No sé usted, pero yo lo primero que hago al comprar un libro es meter mi nariz indiscreta entre las páginas. Me emociona oler y adivinar la tinta, la celulosa e incluso el pegamento. Si fuera un vampiro (¿y qué lector no lo es?), diría que me encanta percibir cómo fluye la sangre de los libros. También me gustan los libros viejos; su piel seca y oscurecida huele a chocolate. No tengo nada contra los prosaicos libros de bolsillo: nos permiten llevarlos siempre encima como si fueran un artículo de emergencia, un botiquín secreto. Tampoco me enloquecen las primeras ediciones y esas cosas tan caras: son libros entristecidos, reliquias de vitrina que uno teme palpar.

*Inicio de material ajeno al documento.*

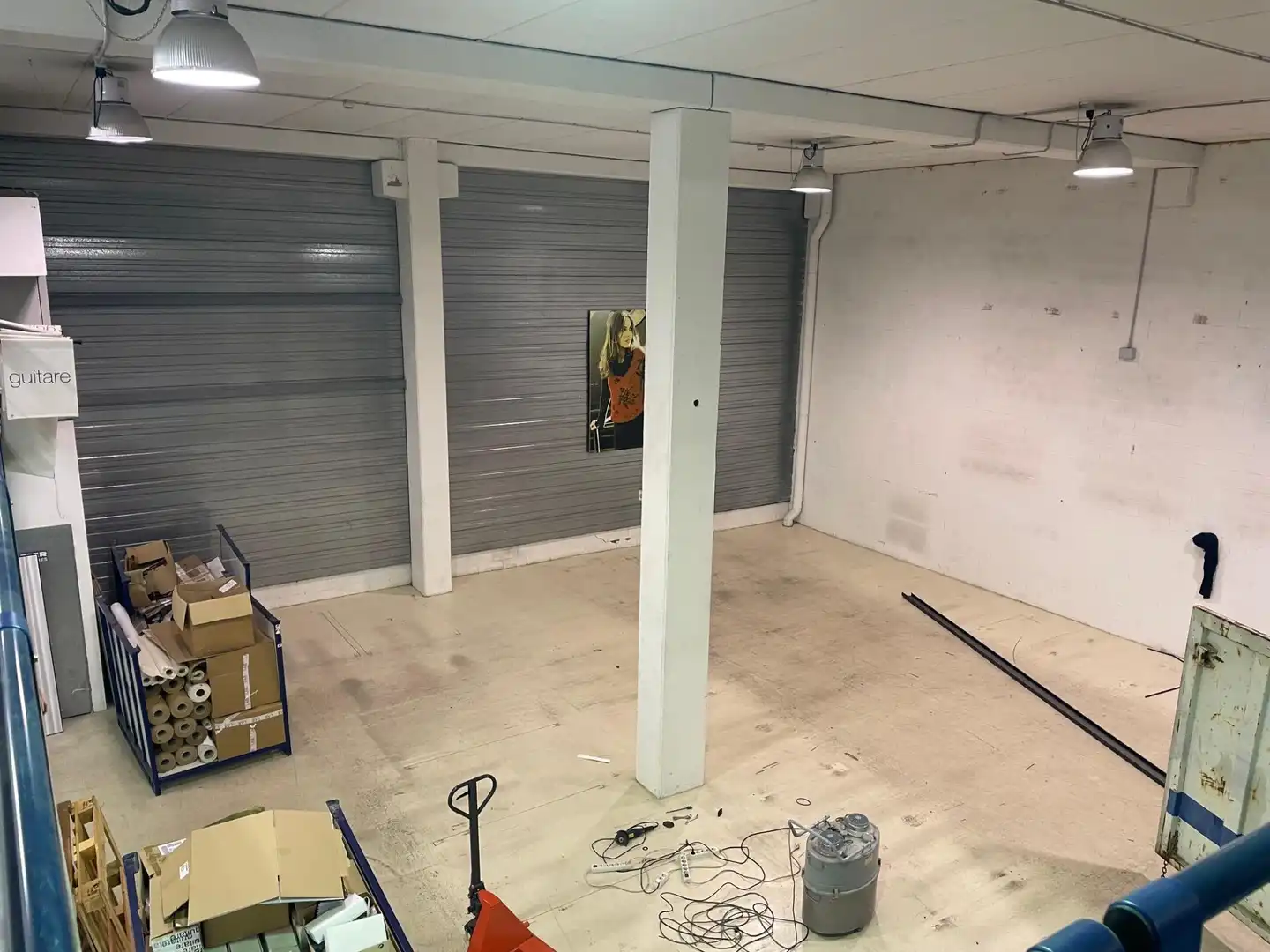 Industriegebäude zur Miete in Pla d'en Boet, imagen 21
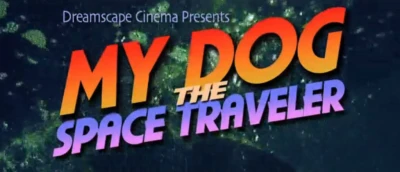 Ký Ức Ảo Giác - My Dog the Space Traveler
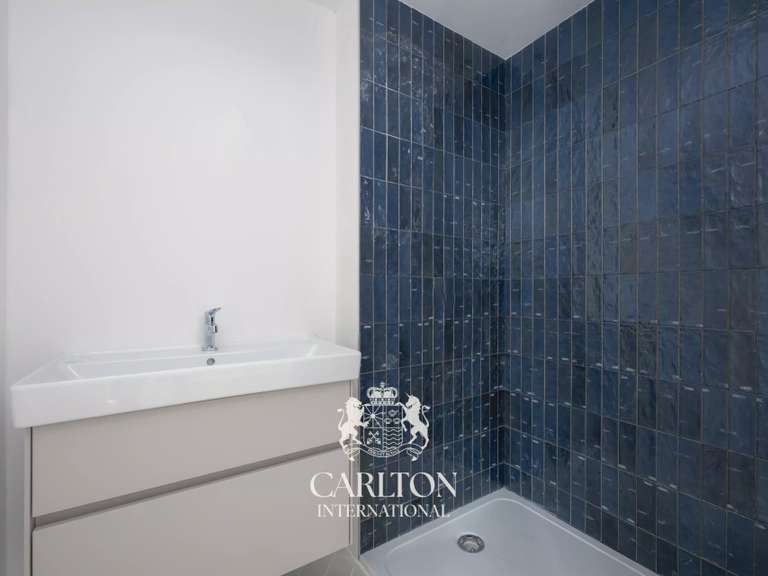 Appartement Grasse - 3 chambres - 123m²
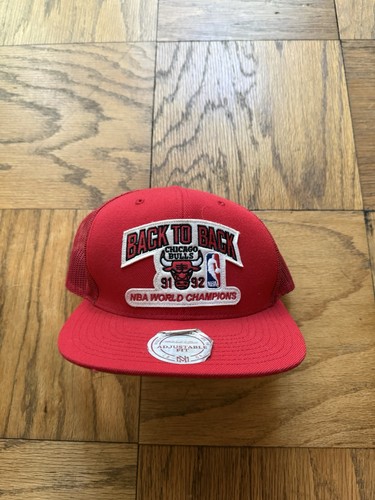 Cappellino mitchell ness - mitchell, &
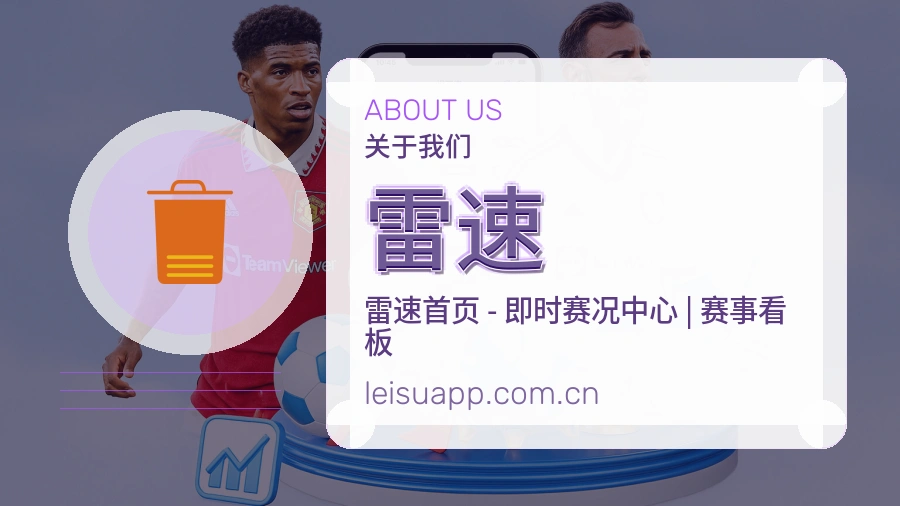 雷速安全认证与赛事覆盖展示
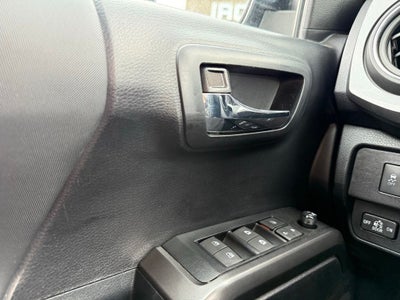 2021 Toyota Tacoma TRD Sport V6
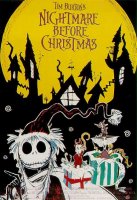 Ukradené Vánoce Tima Burtona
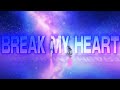 Break My Heart AMV Mix Anime Mix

Amo las bibliotecas públicas, porque en ellas el placer en grupo y la promiscuidad están bien vistos. Sin embargo, en el fondo, me incomoda prestar o que me presten libros. Suelo anotar salvajemente mis ejemplares y me asusta perder las notas. Leer libros ajenos de algún modo me frustra, pues debo renunciar a escribir en sus páginas. Naturalmente, estos celos me avergüenzan. Así que suelo disimularlos y prestar mis libros de todas formas. Cada vez que lo hago, sufro como un Otelo hasta que vuelven a casa y me juran que son míos, sólo míos.